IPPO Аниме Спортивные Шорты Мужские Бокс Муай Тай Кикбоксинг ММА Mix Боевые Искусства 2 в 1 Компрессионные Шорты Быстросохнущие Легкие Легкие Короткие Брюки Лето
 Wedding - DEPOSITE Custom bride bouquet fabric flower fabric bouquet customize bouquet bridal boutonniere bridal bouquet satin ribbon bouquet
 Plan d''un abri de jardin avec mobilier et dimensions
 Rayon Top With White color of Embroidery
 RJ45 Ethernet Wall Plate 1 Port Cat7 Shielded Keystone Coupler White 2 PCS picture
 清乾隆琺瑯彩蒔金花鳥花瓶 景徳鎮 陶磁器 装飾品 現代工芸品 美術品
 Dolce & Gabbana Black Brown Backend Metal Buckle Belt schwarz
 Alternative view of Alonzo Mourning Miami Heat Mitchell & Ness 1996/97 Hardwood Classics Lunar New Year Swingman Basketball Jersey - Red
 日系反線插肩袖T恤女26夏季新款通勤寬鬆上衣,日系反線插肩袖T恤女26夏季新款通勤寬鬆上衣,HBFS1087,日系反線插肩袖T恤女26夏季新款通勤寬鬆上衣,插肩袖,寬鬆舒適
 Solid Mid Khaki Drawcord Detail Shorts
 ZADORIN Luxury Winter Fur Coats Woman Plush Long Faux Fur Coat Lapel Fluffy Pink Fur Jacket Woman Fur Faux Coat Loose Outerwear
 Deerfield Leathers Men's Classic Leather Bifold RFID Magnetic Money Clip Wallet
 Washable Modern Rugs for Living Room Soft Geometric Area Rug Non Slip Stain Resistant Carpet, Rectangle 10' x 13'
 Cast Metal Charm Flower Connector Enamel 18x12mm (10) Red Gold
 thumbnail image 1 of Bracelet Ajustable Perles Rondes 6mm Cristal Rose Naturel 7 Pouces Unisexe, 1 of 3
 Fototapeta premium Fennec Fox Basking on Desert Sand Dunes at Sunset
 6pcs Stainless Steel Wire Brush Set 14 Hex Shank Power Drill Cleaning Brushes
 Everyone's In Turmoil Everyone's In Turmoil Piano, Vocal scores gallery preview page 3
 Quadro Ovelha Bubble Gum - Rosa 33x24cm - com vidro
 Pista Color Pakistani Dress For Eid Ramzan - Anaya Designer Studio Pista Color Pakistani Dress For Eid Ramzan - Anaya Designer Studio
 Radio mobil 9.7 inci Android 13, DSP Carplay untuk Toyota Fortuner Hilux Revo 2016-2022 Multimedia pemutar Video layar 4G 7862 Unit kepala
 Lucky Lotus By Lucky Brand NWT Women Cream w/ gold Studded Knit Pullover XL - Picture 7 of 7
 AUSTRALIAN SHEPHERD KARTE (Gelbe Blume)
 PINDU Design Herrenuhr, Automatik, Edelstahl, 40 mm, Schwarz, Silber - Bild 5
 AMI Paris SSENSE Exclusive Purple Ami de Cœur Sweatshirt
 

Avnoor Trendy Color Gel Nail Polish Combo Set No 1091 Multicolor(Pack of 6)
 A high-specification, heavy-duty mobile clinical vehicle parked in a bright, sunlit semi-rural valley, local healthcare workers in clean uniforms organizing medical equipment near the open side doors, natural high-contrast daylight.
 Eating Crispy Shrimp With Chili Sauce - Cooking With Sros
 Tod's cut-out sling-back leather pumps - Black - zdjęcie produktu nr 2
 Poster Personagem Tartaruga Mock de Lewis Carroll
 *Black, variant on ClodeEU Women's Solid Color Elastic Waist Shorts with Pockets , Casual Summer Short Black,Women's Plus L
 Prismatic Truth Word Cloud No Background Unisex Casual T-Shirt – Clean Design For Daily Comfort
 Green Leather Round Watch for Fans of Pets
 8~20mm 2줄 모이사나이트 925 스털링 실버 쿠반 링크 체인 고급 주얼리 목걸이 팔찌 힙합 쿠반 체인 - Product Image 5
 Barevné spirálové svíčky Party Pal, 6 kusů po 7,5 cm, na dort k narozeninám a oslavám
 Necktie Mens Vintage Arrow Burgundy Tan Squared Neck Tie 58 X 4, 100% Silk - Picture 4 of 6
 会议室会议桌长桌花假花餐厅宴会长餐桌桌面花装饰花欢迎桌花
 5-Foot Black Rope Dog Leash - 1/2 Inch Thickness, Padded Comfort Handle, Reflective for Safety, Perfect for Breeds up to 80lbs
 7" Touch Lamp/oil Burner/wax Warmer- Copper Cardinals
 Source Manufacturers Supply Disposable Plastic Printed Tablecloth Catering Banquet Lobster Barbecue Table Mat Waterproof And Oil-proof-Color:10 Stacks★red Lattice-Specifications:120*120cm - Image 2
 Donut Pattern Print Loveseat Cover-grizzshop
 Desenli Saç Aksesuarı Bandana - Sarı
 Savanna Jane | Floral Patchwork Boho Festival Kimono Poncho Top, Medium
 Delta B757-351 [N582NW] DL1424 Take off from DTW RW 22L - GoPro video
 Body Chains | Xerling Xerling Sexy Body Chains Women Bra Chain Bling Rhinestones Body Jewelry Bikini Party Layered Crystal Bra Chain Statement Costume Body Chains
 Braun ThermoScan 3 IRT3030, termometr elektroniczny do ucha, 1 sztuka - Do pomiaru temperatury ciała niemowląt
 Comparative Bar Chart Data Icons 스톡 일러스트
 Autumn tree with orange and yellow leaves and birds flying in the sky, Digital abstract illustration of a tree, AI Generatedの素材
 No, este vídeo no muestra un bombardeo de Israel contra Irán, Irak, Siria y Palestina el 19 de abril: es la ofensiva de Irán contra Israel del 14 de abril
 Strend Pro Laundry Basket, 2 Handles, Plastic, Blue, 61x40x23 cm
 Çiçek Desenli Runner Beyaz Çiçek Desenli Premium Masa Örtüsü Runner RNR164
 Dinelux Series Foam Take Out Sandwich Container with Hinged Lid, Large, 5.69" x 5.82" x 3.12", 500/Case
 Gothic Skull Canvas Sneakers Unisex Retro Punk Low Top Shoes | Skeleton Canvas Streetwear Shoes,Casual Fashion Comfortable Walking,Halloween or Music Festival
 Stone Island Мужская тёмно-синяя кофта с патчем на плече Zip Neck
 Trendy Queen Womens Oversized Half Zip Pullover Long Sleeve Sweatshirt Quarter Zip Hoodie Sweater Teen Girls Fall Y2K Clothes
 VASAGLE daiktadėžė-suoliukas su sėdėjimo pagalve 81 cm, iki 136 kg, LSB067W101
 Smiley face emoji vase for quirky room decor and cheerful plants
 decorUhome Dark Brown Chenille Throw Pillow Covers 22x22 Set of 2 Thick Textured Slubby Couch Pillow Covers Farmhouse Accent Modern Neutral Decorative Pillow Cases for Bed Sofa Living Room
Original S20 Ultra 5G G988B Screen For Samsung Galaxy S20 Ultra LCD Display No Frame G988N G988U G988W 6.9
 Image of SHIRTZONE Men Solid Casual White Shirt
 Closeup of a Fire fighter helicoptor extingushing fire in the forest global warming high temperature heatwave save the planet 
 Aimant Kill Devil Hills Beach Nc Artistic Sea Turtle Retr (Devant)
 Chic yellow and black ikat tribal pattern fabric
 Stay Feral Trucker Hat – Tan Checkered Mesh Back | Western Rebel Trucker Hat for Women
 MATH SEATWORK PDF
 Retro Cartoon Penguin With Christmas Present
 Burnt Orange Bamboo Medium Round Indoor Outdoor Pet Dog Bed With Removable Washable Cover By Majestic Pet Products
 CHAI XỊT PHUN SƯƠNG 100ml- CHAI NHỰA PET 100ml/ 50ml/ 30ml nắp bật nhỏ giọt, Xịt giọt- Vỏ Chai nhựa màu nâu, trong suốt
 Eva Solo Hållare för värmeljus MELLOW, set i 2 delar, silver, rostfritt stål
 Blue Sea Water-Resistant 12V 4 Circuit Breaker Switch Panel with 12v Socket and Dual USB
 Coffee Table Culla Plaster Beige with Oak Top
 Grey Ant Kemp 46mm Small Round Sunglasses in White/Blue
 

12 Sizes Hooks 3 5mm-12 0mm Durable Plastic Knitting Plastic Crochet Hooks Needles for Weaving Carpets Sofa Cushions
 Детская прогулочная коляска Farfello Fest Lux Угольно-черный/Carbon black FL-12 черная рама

....

#### [Problem requirements]
Whenever a line of the material holds the word "Solid", copy it out.

#### [Answer section]
 Solid Mid Khaki Drawcord Detail Shorts
 *Black, variant on ClodeEU Women's Solid Color Elastic Waist Shorts with Pockets , Casual Summer Short Black,Women's Plus L
 Image of SHIRTZONE Men Solid Casual White Shirt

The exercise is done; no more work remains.